> _Problem details_: From the first line of the entries below, reproduce everything exactly through the line with "Que' papas ·", and nothing more.
===== Dataset records =====
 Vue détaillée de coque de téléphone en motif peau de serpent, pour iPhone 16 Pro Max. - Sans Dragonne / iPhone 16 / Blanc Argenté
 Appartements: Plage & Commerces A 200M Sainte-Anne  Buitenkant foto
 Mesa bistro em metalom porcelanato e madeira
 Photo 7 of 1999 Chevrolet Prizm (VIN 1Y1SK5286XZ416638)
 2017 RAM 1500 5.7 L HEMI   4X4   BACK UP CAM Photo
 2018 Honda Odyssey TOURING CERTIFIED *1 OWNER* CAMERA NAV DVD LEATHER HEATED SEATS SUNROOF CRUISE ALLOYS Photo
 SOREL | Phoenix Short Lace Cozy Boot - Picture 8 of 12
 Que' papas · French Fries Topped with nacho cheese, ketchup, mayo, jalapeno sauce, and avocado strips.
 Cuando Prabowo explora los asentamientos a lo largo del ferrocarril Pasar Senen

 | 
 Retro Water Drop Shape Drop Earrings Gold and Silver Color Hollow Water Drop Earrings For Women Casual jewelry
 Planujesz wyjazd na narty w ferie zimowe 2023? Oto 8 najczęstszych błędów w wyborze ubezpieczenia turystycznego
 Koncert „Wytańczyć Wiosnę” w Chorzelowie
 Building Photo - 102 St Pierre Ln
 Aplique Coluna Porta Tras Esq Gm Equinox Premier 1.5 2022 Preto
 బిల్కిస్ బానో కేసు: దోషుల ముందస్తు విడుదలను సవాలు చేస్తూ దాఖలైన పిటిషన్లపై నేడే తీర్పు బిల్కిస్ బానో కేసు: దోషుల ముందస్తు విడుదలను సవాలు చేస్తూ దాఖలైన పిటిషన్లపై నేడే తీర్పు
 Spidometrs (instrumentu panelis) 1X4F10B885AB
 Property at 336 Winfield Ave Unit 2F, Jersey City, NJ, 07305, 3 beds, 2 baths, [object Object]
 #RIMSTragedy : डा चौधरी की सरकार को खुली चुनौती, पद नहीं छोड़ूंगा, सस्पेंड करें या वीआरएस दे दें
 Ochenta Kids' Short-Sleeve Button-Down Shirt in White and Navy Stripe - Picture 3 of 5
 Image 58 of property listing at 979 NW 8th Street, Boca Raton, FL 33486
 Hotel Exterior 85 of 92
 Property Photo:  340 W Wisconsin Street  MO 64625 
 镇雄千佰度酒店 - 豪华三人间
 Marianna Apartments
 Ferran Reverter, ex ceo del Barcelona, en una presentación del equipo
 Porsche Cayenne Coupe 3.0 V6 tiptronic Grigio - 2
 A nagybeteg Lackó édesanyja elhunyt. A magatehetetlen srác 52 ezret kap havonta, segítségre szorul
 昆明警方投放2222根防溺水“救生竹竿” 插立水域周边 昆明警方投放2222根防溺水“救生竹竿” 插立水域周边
=====
> _Output of the exercise_:
 Vue détaillée de coque de téléphone en motif peau de serpent, pour iPhone 16 Pro Max. - Sans Dragonne / iPhone 16 / Blanc Argenté
 Appartements: Plage & Commerces A 200M Sainte-Anne  Buitenkant foto
 Mesa bistro em metalom porcelanato e madeira
 Photo 7 of 1999 Chevrolet Prizm (VIN 1Y1SK5286XZ416638)
 2017 RAM 1500 5.7 L HEMI   4X4   BACK UP CAM Photo
 2018 Honda Odyssey TOURING CERTIFIED *1 OWNER* CAMERA NAV DVD LEATHER HEATED SEATS SUNROOF CRUISE ALLOYS Photo
 SOREL | Phoenix Short Lace Cozy Boot - Picture 8 of 12
 Que' papas · French Fries Topped with nacho cheese, ketchup, mayo, jalapeno sauce, and avocado strips.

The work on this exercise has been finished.